Italy pins hopes on Milan Expo after corruption, delays

Italy pins hopes on Milan Expo after corruption, delays

MILAN - Reuters
Italy pins hopes on Milan Expo after corruption, delays

The 37-meter "The Tree of Life" and the Italian pavilion (L) are seen at the Expo 2015 work site near Milan April 3, 2015. REUTERS Photo

Three weeks before the Milan Expo opens on May 1, the site of the showpiece event is still a mass of trucks raising dust and workers in hard hats racing to finish building after delays, graft and cost overruns. 

Italy has had four different governments in the seven years since Milan was chosen to follow the 2010 Shanghai Expo and has undergone its most severe economic crisis since World War Two. 

But 40-year-old Prime Minister Matteo Renzi is counting on the event to reinforce fragile signs of recovery and help his drive to put a more modern face on Italy after the years of recession. 

Officials are counting on some 20 million visitors to the six month-long exhibition of products and technologies from around the world.

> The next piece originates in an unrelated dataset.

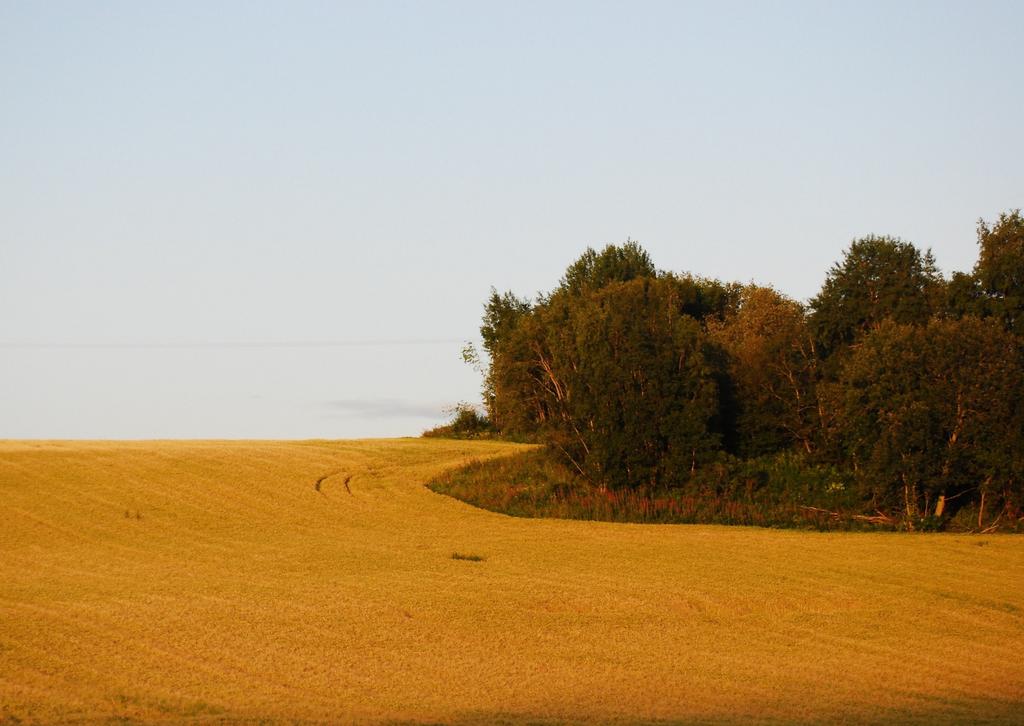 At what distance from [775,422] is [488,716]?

They hope it will bring in 10 billion euros ($10.75 billion), half of it from foreign visitors. 

Some 9 million tickets have already been sold, a third of them outside Italy, for an event seeking to broaden its appeal with interactive exhibits such as a supermarket of the future, cultural events and shows at an arena and an artificial lake. 

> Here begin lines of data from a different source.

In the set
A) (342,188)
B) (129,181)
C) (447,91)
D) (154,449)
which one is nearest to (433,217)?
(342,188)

“Expo will be the litmus test for the great ambitions which Italy has,” Renzi said in a speech in Milan last month to promote the event. “With the Expo, we’ll be able to see what Italy will be in the coming years.”
Intended as a celebration of Milan’s openness to the world and an exploration of new approaches to sustainable food, the event has so far stood out for the chronic corruption and waste that have blighted public works projects in Italy for decades. 

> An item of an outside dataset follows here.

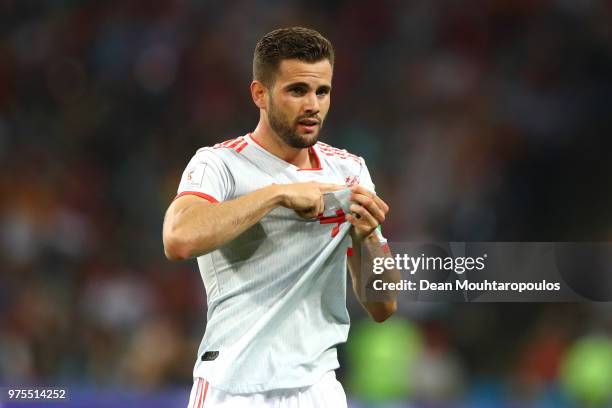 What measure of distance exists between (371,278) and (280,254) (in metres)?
0.35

Several top officials, including the Expo’s former public procurement manager, were arrested last year and the whole event was placed under the oversight of the national anti-bribery authority in a bid to ensure transparency. 

The Italian pavilion, a centrepiece of the event, was originally expected to cost 63 million euros ($67.69 million) but will end up costing 92 million and may not be completed in time. A number of transport projects planned to accompany Expo will also not be ready. 

A defendant who opened fire in a Milan court last week, killing three people including a judge, also underlined the potential security problems around a major event of this size. 

Buffeted by the scandals and facing disputes with architects and building contractors, Expo Commissioner Giuseppe Sala says construction work at the 110-hectare (272 acre) greenfield site on the outskirts of Milan will be essentially complete by opening day. 

“I am realistically confident about the work we’re doing but I am surprised and sometimes a bit disconcerted by the climate which has developed,” he told reporters in Milan earlier this month, denying press reports that organizers would be forced to hide embarrassing gaps with camouflage panels. 

“When has it ever been the case for a project like an Expo or Olympic Games, that all the building work has been finished 30 days before the opening?” he said. “If we end up looking bad, the fault will be mine. The government and local partners have done everything they should.”